01. A bulkhead for an aerogenerator blade root, wherein the bulkhead comprises:

a) a bulkhead panel disposed within the blade, the blade having a wall with an internal surface;

b) a means for sealing the perimeter between the bulkhead panel and the internal surface of the blade root wall;

c) a bracket for attaching the bulkhead panel to the blade root wall, the bracket being characterized by comprising:

cl) a tab support with a first and a second portion;

c2) an interface device;

c3) wherein the first portion of the tab support is configured to be secured to the internal surface of the blade root wall and the second portion of the tab support is configured to be secured to the interface device, and

wherein the interface device provides the connection between the tab support and the bulkhead panel, the interface device comprising:

a damper pad that supports the compressive loads transmitted from the blade root wall to the bulkhead panel through the tab support; and an axial reinforcement that connects the tab support to the bulkhead panel, wherein the axial reinforcement supports the tensile loads transmitted from the blade root wall to the bulkhead panel through the tab support, said tensile loads being substantially supported by the axial reinforcement before the damper pad reaches its yield strength.
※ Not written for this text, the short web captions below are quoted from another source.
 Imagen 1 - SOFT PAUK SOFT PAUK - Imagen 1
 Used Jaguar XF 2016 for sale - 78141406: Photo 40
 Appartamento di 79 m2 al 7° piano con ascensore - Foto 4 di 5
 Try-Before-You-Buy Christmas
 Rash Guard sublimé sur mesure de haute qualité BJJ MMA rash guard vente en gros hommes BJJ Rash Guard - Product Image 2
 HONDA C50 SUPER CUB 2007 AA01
02. A bulkhead for an aerogenerator blade root according to claim 01, wherein the axial reinforcement includes at least one chain link.

03. A bulkhead for an aerogenerator blade root according to claim 01, wherein the axial reinforcement includes at least one tension bar.
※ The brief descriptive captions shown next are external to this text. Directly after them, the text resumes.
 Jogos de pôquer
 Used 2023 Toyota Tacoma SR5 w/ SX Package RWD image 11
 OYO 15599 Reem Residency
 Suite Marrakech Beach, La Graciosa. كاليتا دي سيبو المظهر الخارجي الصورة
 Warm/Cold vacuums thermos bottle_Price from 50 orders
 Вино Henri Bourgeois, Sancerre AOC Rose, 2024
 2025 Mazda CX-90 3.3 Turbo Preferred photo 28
04. A bulkhead for an aerogenerator blade root according to claim 01, wherein the axial reinforcement includes at least one flexible rod.
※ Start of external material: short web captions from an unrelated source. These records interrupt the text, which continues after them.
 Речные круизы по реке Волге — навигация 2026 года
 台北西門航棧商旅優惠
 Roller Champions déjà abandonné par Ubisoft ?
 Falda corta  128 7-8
05. A bulkhead for an aerogenerator blade root according to claim 01, wherein the interface device further comprises fasteners elements providing the connection between the tab support and the bulkhead panel.

06. A bulkhead for an aerogenerator blade root according to claim 01, wherein the interface device further comprises al least one stress relief plate.

07. A bulkhead for an aerogenerator blade root according to claim 01, wherein the damper pad comprises an elastomeric material.

08. A bulkhead for an aerogenerator blade root according to claim 01, wherein the damper pad comprises a thermosetting polyurethane elastomer material.

09. A bulkhead for an aerogenerator blade root according to claim 01, wherein the tab support has an angled plate configuration.

10. A bulkhead for an aerogenerator blade root according to claim 01, wherein the tab support has an angled plate configuration further including at least one secondary angled portion configured to offset the tab support from the blade root wall internal surface or from the bulkhead panel.

11. A bulkhead for an aerogenerator blade root according to claim 01, wherein the tab support is secured to the blade wall with an adhesive component.

12. A bulkhead for an aerogenerator blade root according to claim 01, wherein the tab support is made of at least one laminated material.

13. A bulkhead for an aerogenerator blade root according to claim 01, wherein the means for sealing the perimeter between the bulkhead panel and the internal surface of the blade root wall includes at least one sealant adhesive component.

14. A bulkhead for an aerogenerator blade root according to claim 01, wherein the means for sealing the perimeter between the bulkhead panel and the internal surface of the blade root wall includes an elastomeric tubular profile, the elastomeric tubular profile having in one side projecting flaps that engage along the bulkhead panel perimeter, and whose opposite side is attached to the blade root wall internal surface.

15. A bulkhead for an aerogenerator blade root according to claim 01, further comprising a flange rim providing reinforced support for the bulkhead panel.